Coffee Holding Co. Inc.

09/12/2025 | Press release | Distributed by Public on 09/12/2025 07:01

Quarterly Report for Quarter Ending July 31, 2025 (Form 10-Q)

MANAGEMENT'S DISCUSSION AND ANALYSIS OF FINANCIAL CONDITION AND RESULTS OF OPERATIONS

Cautionary Note on Forward-Looking Statements

Some of the matters discussed under the caption "Management's Discussion and Analysis of Financial Condition and Results of Operations," "Risk Factors" and elsewhere in this quarterly report include forward-looking statements made pursuant to the safe harbor provisions of the Private Securities Litigation Reform Act of 1995. We have based these forward-looking statements upon information available to management as of the date of this Form 10-Q and management's expectations and projections about future events, including, among other things:

our dependency on a single commodity could affect our revenues and profitability;
our success in expanding our market presence in new geographic regions;
the effectiveness of our hedging policy may impact our profitability;
our success in implementing our business strategy or introducing new products;
our ability to attract and retain customers;
our ability to obtain additional financing;
our ability to comply with the restrictive covenants we are subject to under our current financing;
the effects of competition from other coffee manufacturers and other beverage alternatives;
the impact to the operations of our Colorado facility;
general economic conditions and conditions which affect the market for coffee;
our expectations regarding, and the stability of, our supply chain, including potential shortages or interruptions in the supply or delivery of green coffee;
the macro global economic environment;
the imposition of tariffs;
our ability to maintain and develop our brand recognition;
the impact of rapid or persistent fluctuations in the price of coffee beans;
fluctuations in the supply of coffee beans;
the volatility of our common stock; and
other risks which we identify in future filings with the Securities and Exchange Commission (the "SEC").
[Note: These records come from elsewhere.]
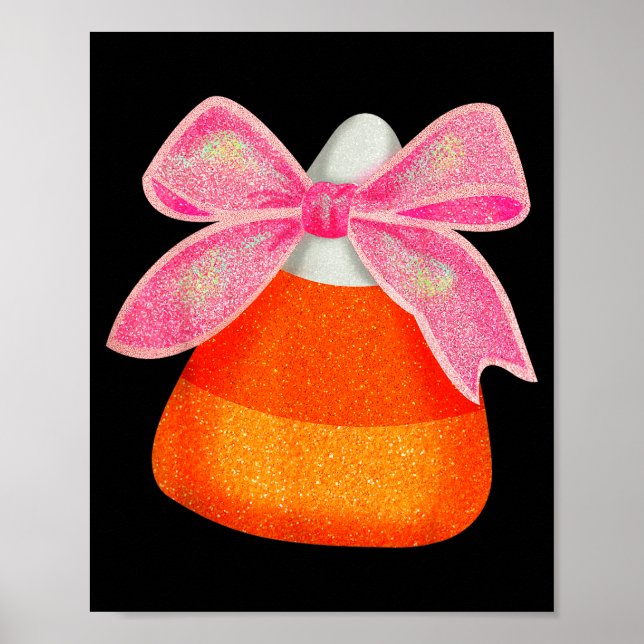 Poster Coquette Bow Candy Corn Women Girls Kids Halloween (Frente)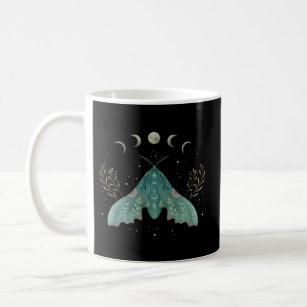 Måne Phases Luna Moth Insekt Cottagecore Aesthetic Kaffemugg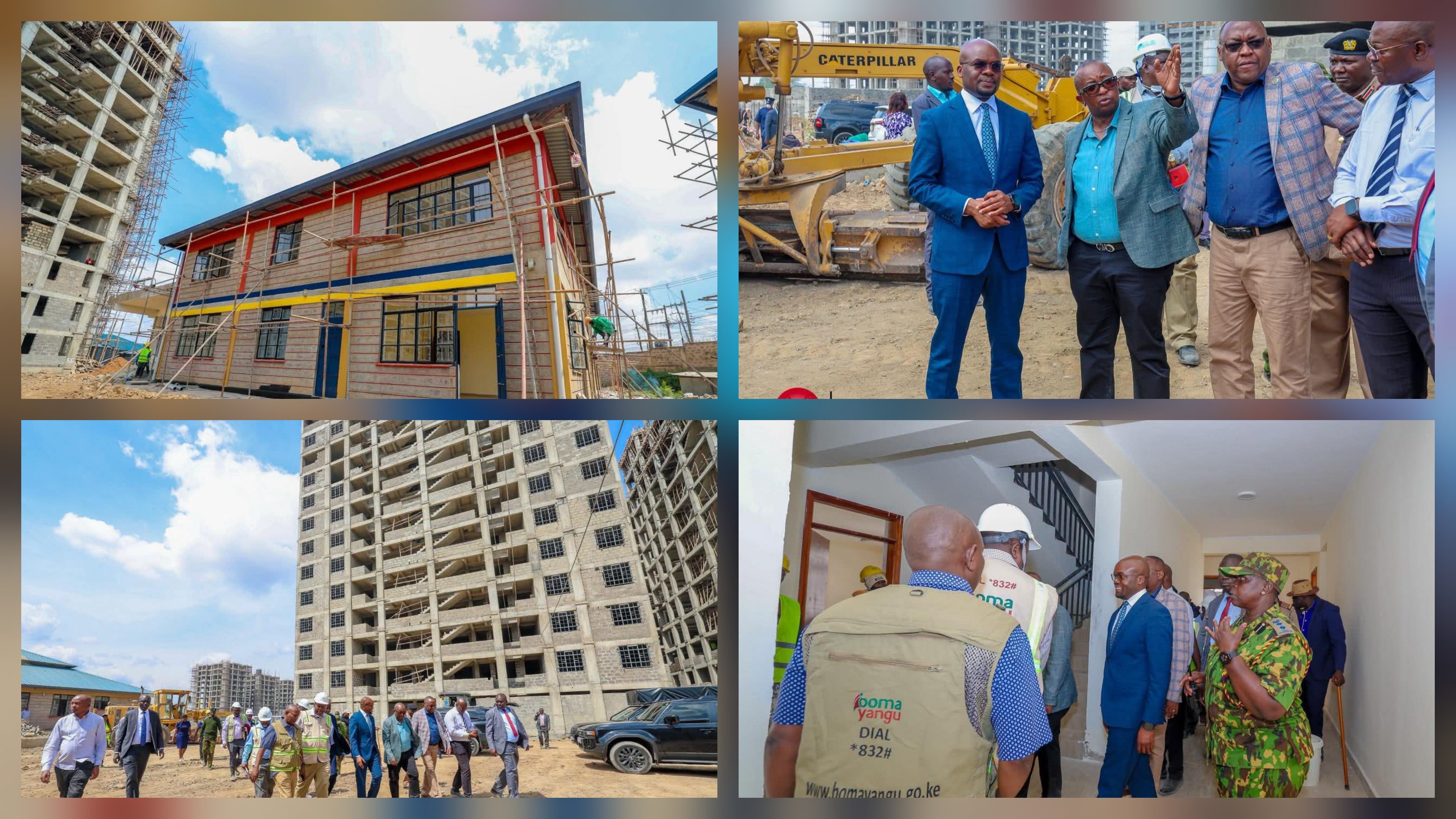 Aerial view of the newly completed Boma Yangu Mukuru Estate Phase 2 apartment blocks in South B, Nairobi, awaiting presidential handover.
In some cases, you can identify forward-looking statements by terminology such as "may," "should," "could," "predict," "potential," "continue," "expect," "anticipate," "future," "intend," "plan," "believe," "estimate" and similar expressions (or the negative of such expressions). Any or all of our forward-looking statements in this quarterly report and in any other public statements we make may turn out to be wrong. They can be affected by inaccurate assumptions we might make or by known or unknown risks and uncertainties. Consequently, no forward-looking statement can be guaranteed. In addition, we undertake no responsibility to update any forward-looking statement to reflect events or circumstances that occur after the date of this quarterly report.

Overview

We are an integrated wholesale coffee roaster and dealer primarily in the United States and one of the few coffee companies that offers a broad array of coffee products across the entire spectrum of consumer tastes, preferences and price points. As a result, we believe that we are well-positioned to increase our profitability and endure potential coffee price volatility throughout varying cycles of the coffee market and economic conditions.

Our operations have primarily focused on the following areas of the coffee industry:

the sale of wholesale specialty green coffee;
the roasting, blending, packaging and sale of private label coffee;
the roasting, blending, packaging and sale of our eight brands of coffee; and
sales of our tabletop coffee roasting equipment.
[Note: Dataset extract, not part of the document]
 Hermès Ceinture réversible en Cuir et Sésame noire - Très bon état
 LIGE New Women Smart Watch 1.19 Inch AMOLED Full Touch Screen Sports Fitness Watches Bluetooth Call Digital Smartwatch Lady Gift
Our operating results are affected by a number of factors including:

the level of marketing and pricing competition from existing or new competitors in the coffee industry;
our ability to retain existing customers and attract new customers;
our hedging policy;
fluctuations in purchase prices and supply of green coffee and in the selling prices of our products; and
our ability to manage inventory and fulfillment operations and maintain gross margins.

Our net sales are driven primarily by the success of our sales and marketing efforts and our ability to retain existing customers and attract new customers. For this reason, we have made, and will continue to evaluate, strategic decisions to acquire and invest in measures that are expected to increase net sales.
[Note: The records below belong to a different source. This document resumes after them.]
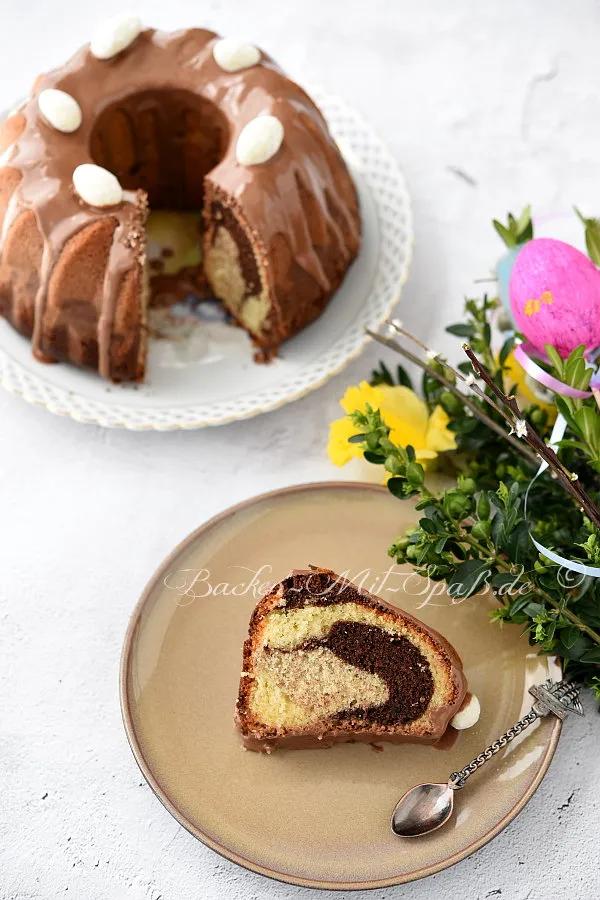 Orange- Nuss- Marmorkuchen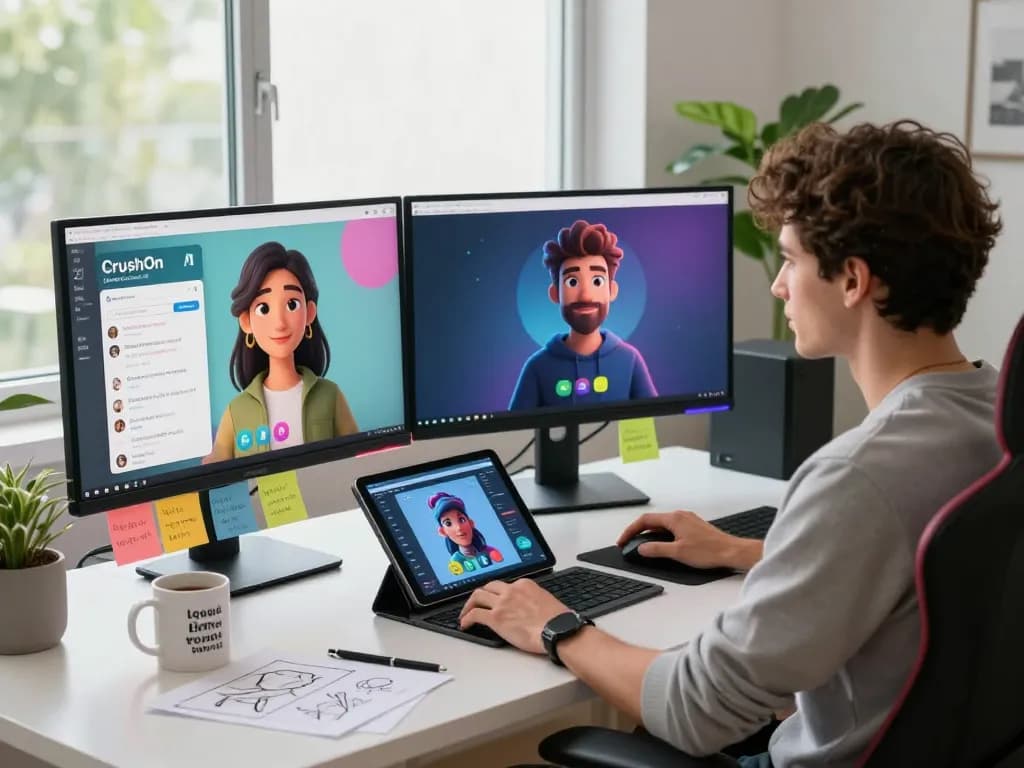 User engaging with CrushOn AI on dual monitors in a creative workspace, showcasing vibrant character interactions.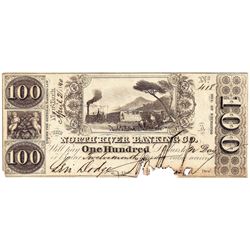 1850 $100 North River Banking Co, NY Obsolete Note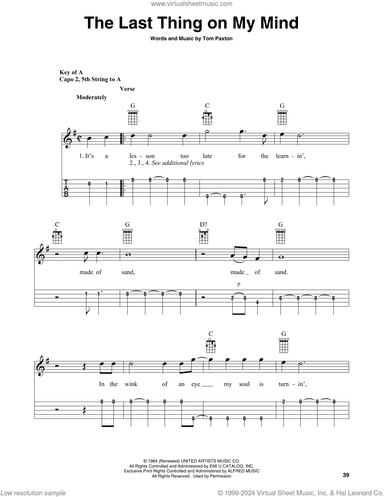 The Last Thing On My Mind (arr. Fred Sokolow)
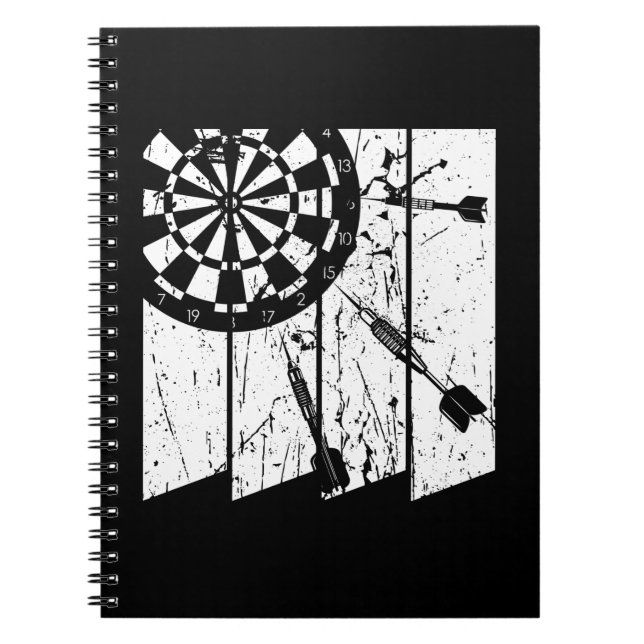 Retro Dartboard Darts 180 Men Dart Player Notebook (Front)
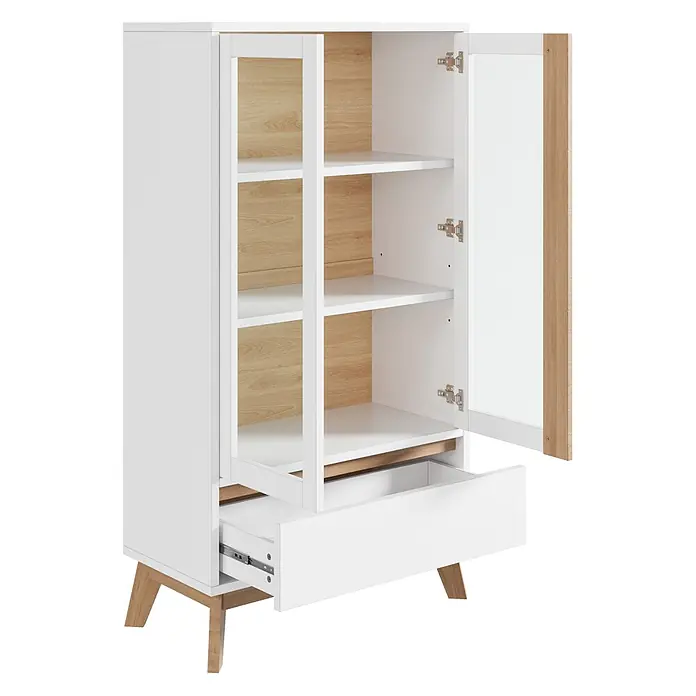 SONNENH Vorratsschrank 80 x 40 x 150 cm, Weiß -  - Weißer Schrank mit hellen Holzdetails, offener Glastür zu Regalen und halb ausgezogener Schublade.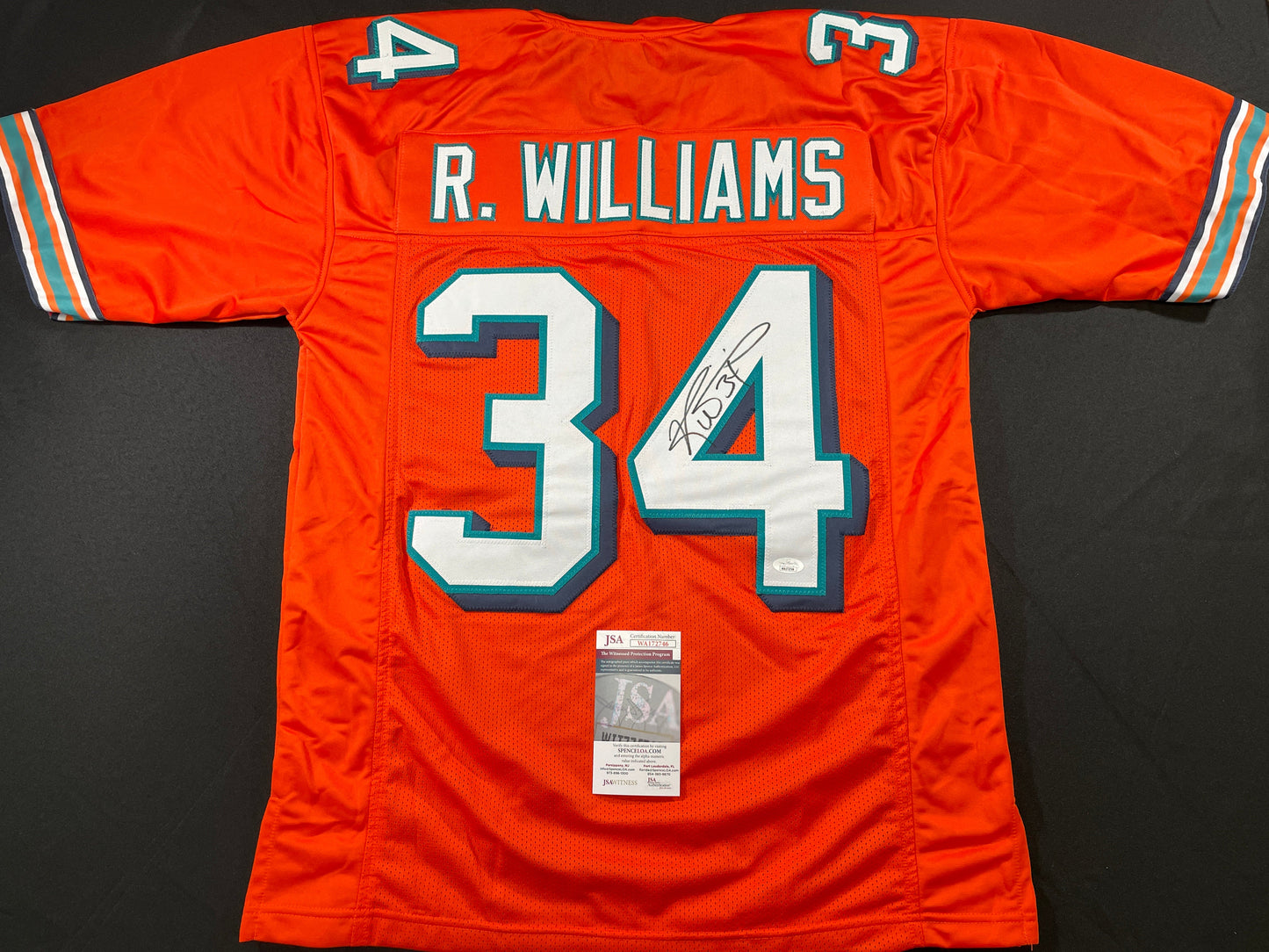 RICKY WILLIAMS ORANGE MIAMI DOLPHIN SIGNED JERSEY JSA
Our sales are affected by the price of green coffee. We purchase our green coffee from dealers located primarily within the United States. The dealers supply us with coffee beans from many countries, including Colombia, Mexico, Kenya, Indonesia, Brazil and Uganda. The supply and price of coffee beans are subject to volatility and are influenced by numerous factors which are beyond our control. For example, in Brazil, which produces approximately 40% of the world's green coffee, the coffee crops are historically susceptible to frost in June and July and drought in September, October and November. However, because we purchase coffee from a number of countries and are able to freely substitute one country's coffee for another in our products, price fluctuations in one country generally have not had a material impact on the price we pay for coffee. Accordingly, price fluctuations in one country generally have not had a material effect on our results of operations, liquidity and capital resources. Historically, because we generally have been able to pass green coffee price increases through to customers, increased prices of green coffee generally result in increased net sales, irrespective of sales volume.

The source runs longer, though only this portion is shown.